A minimal example (in this case, for MySQL) looks like this:
jdbc.url=jdbc:mysql://localhost/dept
jdbc.username=MySqlUserName
jdbc.password=MyPassword
jdbc.driver=com.mysql.jdbc.Driver
The name of the configuration file without the extension will be the name of the virtual graph. The name of the virtual graph in this example will be dept
as a result. You can override this name using the --name
option.
Stardog does not ship with client drivers. You must add drivers for each data source you want to connect to. See Supported Client Drivers for more information.
The credentials for the JDBC connection need to be provided in plain text. An alternative way to provide credentials is to use the password file mechanism. The credentials should be stored in a password file called services.sdpass
located in STARDOG_HOME
directory. The password file entries are in the format hostname:port:database:username:password
so for the above example there should be an entry like so in this file. Then the credentials in the properties file can be omitted.
localhost:*:dept:MySqlUserName:MyPassword
The properties file can also contain an option called base
to specify a base URI for resolving relative URIs generated by the mappings (if any). If no value is provided, the base URI will be virtual://myGraph
where myGraph
is the name of the virtual graph.
There are many more available configuration options for Virtual Graphs. They are described in the Virtual Graph Configuration section.

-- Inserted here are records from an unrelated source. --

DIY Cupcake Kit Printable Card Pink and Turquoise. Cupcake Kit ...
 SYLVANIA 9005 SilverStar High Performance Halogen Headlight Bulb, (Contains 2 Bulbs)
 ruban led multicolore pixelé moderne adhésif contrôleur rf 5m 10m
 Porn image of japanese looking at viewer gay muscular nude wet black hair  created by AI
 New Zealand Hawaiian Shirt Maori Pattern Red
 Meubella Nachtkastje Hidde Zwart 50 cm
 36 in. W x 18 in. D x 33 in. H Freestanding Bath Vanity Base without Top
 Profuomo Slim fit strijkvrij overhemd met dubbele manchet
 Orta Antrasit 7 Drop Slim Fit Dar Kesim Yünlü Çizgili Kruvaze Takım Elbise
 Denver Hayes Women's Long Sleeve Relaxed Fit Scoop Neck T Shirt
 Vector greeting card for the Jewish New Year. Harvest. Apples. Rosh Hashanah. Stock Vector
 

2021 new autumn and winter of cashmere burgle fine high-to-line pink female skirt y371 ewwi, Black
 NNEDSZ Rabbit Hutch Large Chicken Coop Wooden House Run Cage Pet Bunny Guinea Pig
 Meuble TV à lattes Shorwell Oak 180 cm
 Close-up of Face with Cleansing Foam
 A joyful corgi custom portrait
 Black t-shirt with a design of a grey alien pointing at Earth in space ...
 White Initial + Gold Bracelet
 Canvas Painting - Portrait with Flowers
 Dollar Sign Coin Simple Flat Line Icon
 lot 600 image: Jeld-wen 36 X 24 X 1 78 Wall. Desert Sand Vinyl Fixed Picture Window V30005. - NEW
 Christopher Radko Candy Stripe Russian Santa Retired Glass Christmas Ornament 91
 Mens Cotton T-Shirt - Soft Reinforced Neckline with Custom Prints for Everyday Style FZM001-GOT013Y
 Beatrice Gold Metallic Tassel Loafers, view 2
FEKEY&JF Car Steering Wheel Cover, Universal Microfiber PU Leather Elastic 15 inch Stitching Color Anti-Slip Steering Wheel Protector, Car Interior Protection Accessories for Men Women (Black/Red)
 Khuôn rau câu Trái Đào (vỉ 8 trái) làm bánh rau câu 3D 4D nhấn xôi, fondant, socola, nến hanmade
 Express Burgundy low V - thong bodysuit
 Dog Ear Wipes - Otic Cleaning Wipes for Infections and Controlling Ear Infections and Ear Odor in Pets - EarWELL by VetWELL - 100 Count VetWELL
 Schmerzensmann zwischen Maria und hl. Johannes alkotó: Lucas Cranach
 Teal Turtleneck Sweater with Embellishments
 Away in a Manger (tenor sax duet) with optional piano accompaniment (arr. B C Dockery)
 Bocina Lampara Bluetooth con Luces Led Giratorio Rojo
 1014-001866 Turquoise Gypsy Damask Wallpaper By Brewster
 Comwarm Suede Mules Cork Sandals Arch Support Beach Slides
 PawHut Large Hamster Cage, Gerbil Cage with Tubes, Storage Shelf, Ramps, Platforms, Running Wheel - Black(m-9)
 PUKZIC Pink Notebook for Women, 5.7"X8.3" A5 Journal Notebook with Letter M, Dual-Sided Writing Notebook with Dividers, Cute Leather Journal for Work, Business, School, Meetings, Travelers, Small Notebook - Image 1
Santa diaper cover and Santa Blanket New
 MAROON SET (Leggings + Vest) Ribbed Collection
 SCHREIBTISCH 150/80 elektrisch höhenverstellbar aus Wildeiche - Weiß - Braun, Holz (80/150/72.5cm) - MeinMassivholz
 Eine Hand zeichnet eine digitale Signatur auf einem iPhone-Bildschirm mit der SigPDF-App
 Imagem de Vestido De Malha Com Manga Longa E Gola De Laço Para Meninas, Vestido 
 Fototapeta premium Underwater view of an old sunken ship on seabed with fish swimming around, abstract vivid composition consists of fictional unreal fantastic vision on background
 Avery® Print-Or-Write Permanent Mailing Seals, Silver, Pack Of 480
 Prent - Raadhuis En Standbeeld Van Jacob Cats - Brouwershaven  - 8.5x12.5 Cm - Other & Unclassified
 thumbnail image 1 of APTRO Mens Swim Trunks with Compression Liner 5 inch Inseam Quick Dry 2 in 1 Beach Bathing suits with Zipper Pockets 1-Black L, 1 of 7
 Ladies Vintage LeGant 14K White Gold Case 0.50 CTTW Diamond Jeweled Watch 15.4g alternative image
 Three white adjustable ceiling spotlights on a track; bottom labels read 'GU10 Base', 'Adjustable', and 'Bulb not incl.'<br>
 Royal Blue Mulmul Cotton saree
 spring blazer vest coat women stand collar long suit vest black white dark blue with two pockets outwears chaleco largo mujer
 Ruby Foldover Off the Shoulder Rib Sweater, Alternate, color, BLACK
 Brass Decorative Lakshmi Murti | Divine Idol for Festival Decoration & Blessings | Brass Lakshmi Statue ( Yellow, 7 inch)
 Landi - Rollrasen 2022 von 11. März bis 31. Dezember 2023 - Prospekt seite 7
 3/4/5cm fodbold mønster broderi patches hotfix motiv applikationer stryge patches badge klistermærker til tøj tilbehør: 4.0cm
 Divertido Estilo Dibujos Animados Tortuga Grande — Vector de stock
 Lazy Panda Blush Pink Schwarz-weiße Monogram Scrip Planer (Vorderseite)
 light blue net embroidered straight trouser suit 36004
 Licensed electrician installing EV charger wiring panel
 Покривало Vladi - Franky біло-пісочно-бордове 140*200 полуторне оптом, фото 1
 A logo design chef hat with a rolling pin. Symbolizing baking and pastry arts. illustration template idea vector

Creating a Shared Data Source
In the last example we created the Virtual Graph without supplying the name of an existing Data Source. In that case Stardog automatically creates a “private” Data Source with the same name as the Virtual Graph (in this case <data-source://dept>
) for the dedicated use of this Virtual Graph. To use a “shared” Data Source, we first create the Data Source with the data-source add
CLI command:
$ stardog-admin data-source add dept.properties
Once this Data Source is created we can use it to create a Virtual Graph:
$ stardog-admin virtual add --name dept --data-source dept dept.ttl
All the options in this example applied to the Data Source so the property file was not needed for the virtual add
command. Omitting the property file, however, neccessitated the inclusion of the --name
option.
See Data Sources for more information.
Mapping file
The mapping file (dept.ttl
in this example) contains the mapping from the virtual data source into RDF. The mapping can be in one of three formats:
- SMS, which is the default for the
virtual add
CLI command - Standard R2RML, which is indicated using
--format r2rml
in thevirtual add
CLI command - SMS2 (Stardog Mapping Syntax 2), a syntax that better supports hierarchical datasources like JSON and MongoDB. This is indicated using
--format sms2
in thevirtual add
CLI command
A mapping file is required for data sources without a built-in schema, e.g. some NoSQL databases like MongoDB.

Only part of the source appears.